2003-11-04 Thread Andreas Metzler
On Mon, Nov 03, 2003 at 11:35:48PM +0100, Santiago Vila wrote:
 On Mon, 3 Nov 2003, Andreas Metzler wrote:
[...]
  [1] Currently this is only possible with ugliness like making
  build-indep an empty target and doing the actual expensive work in
  binary-indep,

 Some of the packages I maintain use texi2html in the binary-indep
 target (and they have texi2html in Build-Depends-Indep). Why is such
 thing an ugliness? It is because it runs under root/fakeroot or are
 there any other reason?

Personal taste. ;-) iMvho it is obviously ugly, if the makefile has
build-indep and build-arch targets, I exspect that the time-consuming
activities are done in it.

But the real ugliness is that current policy propagates implementing
build-arch and build-indep target although they are useless.
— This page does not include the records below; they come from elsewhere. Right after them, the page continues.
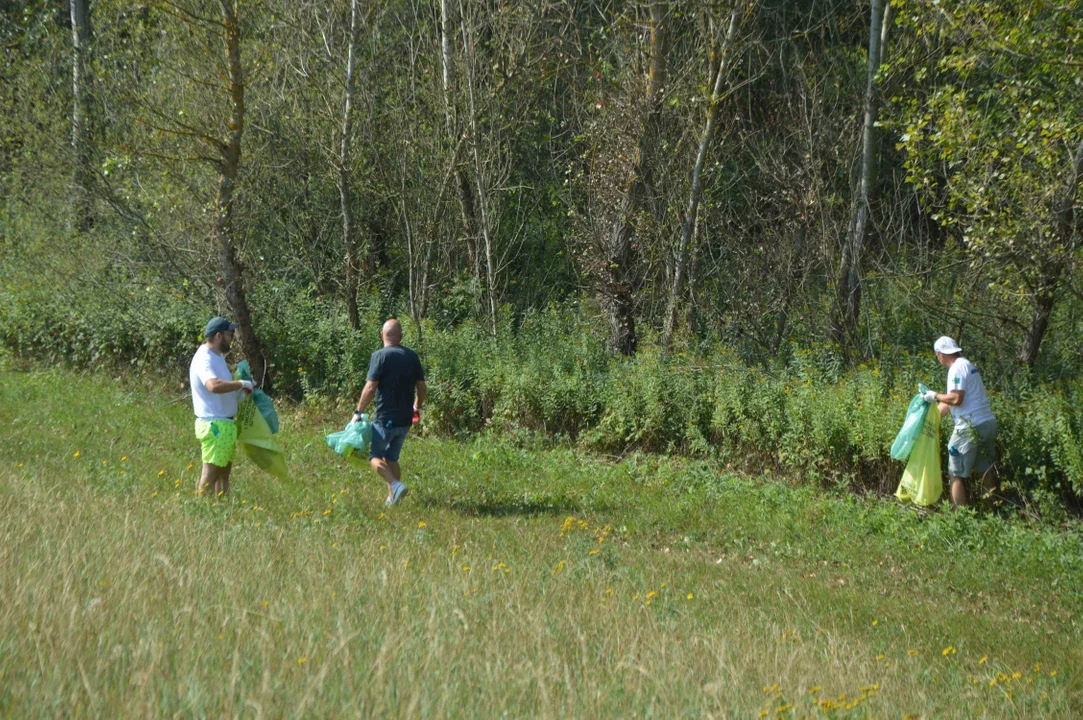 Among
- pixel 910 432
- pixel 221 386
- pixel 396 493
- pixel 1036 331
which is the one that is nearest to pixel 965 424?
pixel 910 432

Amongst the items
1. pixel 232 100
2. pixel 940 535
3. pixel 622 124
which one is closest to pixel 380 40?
pixel 232 100

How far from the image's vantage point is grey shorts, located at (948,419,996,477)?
34.5 feet

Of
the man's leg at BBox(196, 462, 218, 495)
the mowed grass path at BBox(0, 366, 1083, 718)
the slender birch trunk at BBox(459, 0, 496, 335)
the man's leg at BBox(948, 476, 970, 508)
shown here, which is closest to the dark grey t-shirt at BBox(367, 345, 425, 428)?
the mowed grass path at BBox(0, 366, 1083, 718)

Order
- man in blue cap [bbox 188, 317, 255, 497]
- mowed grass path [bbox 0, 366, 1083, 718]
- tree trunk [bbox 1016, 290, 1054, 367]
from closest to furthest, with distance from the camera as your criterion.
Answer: mowed grass path [bbox 0, 366, 1083, 718], man in blue cap [bbox 188, 317, 255, 497], tree trunk [bbox 1016, 290, 1054, 367]

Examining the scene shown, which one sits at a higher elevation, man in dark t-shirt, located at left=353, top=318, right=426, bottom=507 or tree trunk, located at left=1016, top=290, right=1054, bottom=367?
tree trunk, located at left=1016, top=290, right=1054, bottom=367

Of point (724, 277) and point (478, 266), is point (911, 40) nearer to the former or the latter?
point (724, 277)

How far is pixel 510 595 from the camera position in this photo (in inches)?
243

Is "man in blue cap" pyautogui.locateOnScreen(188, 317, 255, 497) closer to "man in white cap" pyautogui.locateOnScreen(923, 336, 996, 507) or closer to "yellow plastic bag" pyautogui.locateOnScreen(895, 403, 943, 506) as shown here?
"yellow plastic bag" pyautogui.locateOnScreen(895, 403, 943, 506)

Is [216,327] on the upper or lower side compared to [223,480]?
upper

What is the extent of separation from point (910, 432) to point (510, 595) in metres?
6.12

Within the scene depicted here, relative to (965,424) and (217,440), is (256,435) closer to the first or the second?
(217,440)

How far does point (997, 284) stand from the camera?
42.1ft

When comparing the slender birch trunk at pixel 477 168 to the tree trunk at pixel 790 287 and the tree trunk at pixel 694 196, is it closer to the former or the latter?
the tree trunk at pixel 694 196

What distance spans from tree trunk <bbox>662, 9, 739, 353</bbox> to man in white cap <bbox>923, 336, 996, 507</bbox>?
4799 mm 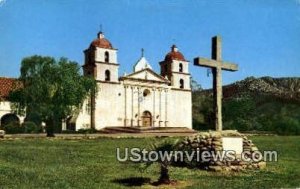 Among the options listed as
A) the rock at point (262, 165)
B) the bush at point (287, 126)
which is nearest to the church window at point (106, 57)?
the bush at point (287, 126)

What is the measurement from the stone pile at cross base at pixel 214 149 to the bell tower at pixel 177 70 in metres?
35.2

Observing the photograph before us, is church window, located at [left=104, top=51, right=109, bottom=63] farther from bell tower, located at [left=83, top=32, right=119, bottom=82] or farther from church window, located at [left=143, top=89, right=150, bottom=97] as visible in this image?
church window, located at [left=143, top=89, right=150, bottom=97]

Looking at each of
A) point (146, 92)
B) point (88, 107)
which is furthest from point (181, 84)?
point (88, 107)

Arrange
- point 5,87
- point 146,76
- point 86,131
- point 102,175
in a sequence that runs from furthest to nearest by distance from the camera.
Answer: point 146,76, point 5,87, point 86,131, point 102,175

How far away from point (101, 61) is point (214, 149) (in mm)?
31044

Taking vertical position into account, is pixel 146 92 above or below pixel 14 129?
above

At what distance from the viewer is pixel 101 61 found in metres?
41.4

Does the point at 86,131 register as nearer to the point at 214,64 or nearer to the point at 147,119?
the point at 147,119

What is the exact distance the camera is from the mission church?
41312 millimetres

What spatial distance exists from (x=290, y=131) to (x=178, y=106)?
13.6 meters

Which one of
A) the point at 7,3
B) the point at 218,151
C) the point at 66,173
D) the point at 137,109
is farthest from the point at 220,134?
the point at 137,109

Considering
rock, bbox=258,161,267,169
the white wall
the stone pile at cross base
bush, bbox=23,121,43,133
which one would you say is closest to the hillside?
the white wall

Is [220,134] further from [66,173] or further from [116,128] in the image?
[116,128]

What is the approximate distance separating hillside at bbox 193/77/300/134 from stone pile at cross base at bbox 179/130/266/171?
86.5 ft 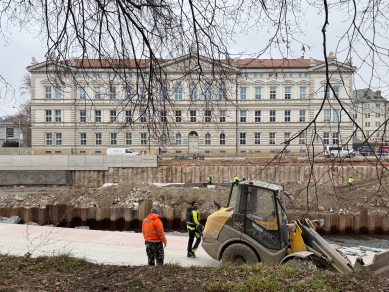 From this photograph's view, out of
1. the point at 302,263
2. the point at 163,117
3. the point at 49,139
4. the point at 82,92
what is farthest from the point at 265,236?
the point at 49,139

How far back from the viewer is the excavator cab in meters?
6.84

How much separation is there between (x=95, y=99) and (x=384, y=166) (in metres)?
4.20

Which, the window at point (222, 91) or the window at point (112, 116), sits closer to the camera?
the window at point (222, 91)

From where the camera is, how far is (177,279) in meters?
4.81

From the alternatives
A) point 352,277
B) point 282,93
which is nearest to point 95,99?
point 352,277

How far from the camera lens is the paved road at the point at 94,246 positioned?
27.9ft

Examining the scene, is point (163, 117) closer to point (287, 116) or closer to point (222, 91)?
point (222, 91)

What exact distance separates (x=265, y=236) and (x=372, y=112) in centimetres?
391

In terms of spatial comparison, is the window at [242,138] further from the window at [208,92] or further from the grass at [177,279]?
the window at [208,92]

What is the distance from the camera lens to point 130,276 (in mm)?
4953

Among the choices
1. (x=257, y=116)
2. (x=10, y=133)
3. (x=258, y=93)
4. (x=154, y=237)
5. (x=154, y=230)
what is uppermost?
(x=258, y=93)

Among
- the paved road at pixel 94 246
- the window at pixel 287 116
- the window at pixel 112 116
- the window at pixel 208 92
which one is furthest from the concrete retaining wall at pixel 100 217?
the window at pixel 287 116

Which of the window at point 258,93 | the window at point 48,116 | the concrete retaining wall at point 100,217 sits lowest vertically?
the concrete retaining wall at point 100,217

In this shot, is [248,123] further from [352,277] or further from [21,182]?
[352,277] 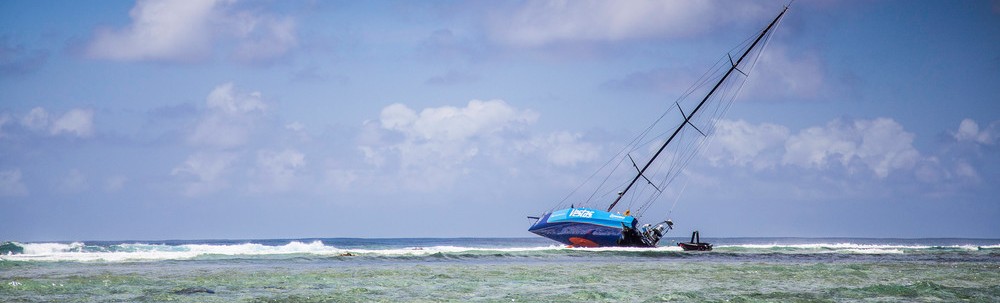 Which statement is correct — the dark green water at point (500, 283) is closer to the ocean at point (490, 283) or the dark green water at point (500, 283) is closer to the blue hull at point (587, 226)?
the ocean at point (490, 283)

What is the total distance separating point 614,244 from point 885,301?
1950 inches

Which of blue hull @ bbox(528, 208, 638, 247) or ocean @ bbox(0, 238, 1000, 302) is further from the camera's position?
blue hull @ bbox(528, 208, 638, 247)

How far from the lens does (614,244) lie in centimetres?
7794

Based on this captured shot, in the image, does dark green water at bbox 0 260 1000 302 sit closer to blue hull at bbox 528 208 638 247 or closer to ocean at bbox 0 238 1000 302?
ocean at bbox 0 238 1000 302

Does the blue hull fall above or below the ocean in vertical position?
above

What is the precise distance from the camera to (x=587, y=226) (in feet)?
258

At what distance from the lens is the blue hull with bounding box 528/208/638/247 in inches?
3066

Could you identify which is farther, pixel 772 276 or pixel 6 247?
pixel 6 247

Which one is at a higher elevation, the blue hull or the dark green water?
the blue hull

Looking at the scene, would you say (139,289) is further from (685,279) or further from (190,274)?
(685,279)

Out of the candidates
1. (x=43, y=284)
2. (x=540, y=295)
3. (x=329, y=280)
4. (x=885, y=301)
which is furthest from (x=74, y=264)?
(x=885, y=301)

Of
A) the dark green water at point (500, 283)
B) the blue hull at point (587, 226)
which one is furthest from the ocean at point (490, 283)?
the blue hull at point (587, 226)

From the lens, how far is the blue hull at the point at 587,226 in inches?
3066

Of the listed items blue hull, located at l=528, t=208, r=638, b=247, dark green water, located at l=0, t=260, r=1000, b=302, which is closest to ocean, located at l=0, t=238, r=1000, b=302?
dark green water, located at l=0, t=260, r=1000, b=302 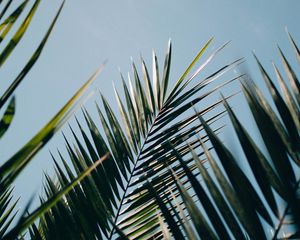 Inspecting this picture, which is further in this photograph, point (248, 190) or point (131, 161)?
point (131, 161)

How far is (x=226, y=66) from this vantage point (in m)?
1.68

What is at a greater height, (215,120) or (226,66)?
(226,66)


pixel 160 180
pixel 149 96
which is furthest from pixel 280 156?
pixel 149 96

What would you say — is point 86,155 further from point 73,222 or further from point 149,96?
point 149,96

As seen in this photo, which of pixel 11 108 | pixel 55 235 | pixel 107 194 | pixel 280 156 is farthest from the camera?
pixel 107 194

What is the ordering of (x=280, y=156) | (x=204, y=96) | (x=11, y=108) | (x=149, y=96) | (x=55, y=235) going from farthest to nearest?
(x=149, y=96) → (x=204, y=96) → (x=55, y=235) → (x=280, y=156) → (x=11, y=108)

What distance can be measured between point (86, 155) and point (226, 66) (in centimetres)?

I _would_
really like to see either these two targets made useful (using
something like Bill's proposal) or to abolish mentioning/suggesting
them in policy.

  or ignoring policy's recommendation to make build depend
  on build-arch and build-indep.

 Which is what I would call complexity for very little gain.

 Packages which do not benefit from a split build-arch / build-indep
 (and there are certainly a lot of packages which do not benefit)

Ack, I am completely with you. (None of mine does.)

 should continue to be allowed not to have such targets, without people
 or policy saying they are following a deprecated format or anything
 like that. Does this clarify my point?

Yes. And I agree.  I just want the existing build-arch and
build-indep target made useful.

 What about optional fields in the control file with default values:

 Build-Arch: build
 Build-Indep: build

 (and therefore may be omitted), but that can be overridden in this way?:

 Build-Arch: build-arch
 Build-Indep: build-indep

 only for packages which really need or benefit from them?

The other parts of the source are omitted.